A crowd of students and professors gathered in Caldwell Auditorium on Thursday, Oct. 3, to discuss and celebrate Cardinal John Henry Newman, who will be canonized by Pope Francis on Oct.13. The conference, Sagacity and Sanctity: Newman’s Idea of a University, was hosted by the School of Theology and Religious Studies. It included two lectures about Newman’s ideas and a panel discussion.
Alex Scalco, a graduate student of Historical and Systematic Theology, attended the conference and reflected on how universities operating under Newman’s wisdom can help students to better encounter Christ.
“Newman's vision does something entirely different by grounding its students in the essential principles which allow them to ‘connect the dots’ between various fields of study so that they are not just wandering among fragments, but are instead being told a coherent story,” he said. “When they come out the other side, they are not lost, they don't feel cheated (an experience far too common to today's university graduate). Instead, they have been given a wisdom (sagacity) which puts them in touch with what they have been looking for all along, even if they didn't realize it: God.”
University President John Garvey welcomed conference participants and gave an overview of Newman’s life and works. He expressed his excitement about the upcoming canonization and how Newman has inspired him in his career.
Andrew Meszaros, of the Pontifical University, St. Patrick College, Maynooth, explored Newman’s understanding of how a university should train and teach students in his lecture titled “Philosophical Habit of Mind”: Newman and the University.
“For Newman, the university is a place that can potentially cultivate both the intellectual life and the spiritual moral life,” Meszaros said. “He wants the students to excel not only in sagacity but also in sanctity after the pattern of a medieval ideal: the university is to fit men for the world while training them for another.”
Meszaros summarized that, for Newman, a Catholic university was optimal for training students because spiritual and moral resources play an integral part in academic excellence by encouraging students to see a holistic view of the world.
“At a Catholic university an architecture student can contemplate the story of the Tower of Babel and its consequences. And all the students, whether in physics to English literature, have the ability to contemplate a real apprehension of the world’s finitude and fallenness beginning with one’s own self in an examination of conscience,” he said.
Reinhard Huetter, professor of fundamental and dogmatic theology for the School of Theology and Religious Studies, presented “The University and Its Counterfeit: Newman’s Litmus Test.” Huetter explained Newman’s thought as a litmus test for universities, saying that universities that do not incorporate theology and natural philosophy as part of their studies limit the possible scope of truth. Universities that do not incorporate this forget human beings innate desire to know.

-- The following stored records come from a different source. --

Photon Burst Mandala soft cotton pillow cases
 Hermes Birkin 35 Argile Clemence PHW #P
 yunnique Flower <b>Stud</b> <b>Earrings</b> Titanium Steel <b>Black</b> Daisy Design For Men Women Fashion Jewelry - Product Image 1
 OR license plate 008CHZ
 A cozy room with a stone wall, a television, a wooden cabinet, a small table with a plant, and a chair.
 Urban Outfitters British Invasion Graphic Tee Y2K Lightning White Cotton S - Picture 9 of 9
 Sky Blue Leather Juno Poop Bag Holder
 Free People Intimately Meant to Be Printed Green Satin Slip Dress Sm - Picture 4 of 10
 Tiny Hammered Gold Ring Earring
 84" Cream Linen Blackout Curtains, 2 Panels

“Human beings have the desire to know; not because they have the desire to master but because knowledge is the proper desire of the human intellect,” Huetter said.
He also explained that Newman’s litmus test can help Catholic universities form students in both sagacity and sanctity, adding that “Sagacity without sanctity stands in grave danger of turning cold, consumptus, proud, and self-serving.” When the Catholic Church is formally present at a university, then it is more possible to have sagacity and sanctity go hand-in-hand in student life and learning.
A panel of Catholic University professors gathered at the end of the conference to discuss Newman’s idea of a university and how these ideas are present at The Catholic University of America. The panel included Garvey, Law; Jean De Groot, Philosophy; Aaron Dominguez, Physics; Michael Pakaluck, Philosophy; David Walsh, Political Theory; Brandon Vaidyanathan, Sociology; and Andrew Yuengert, Economics. These professors spoke about how they have included theology and philosophy and other disciplines in their classes to teach their students about a larger world view than just the student’s major. The panel also spoke about the challenges of instituting Newman’s view into our University today.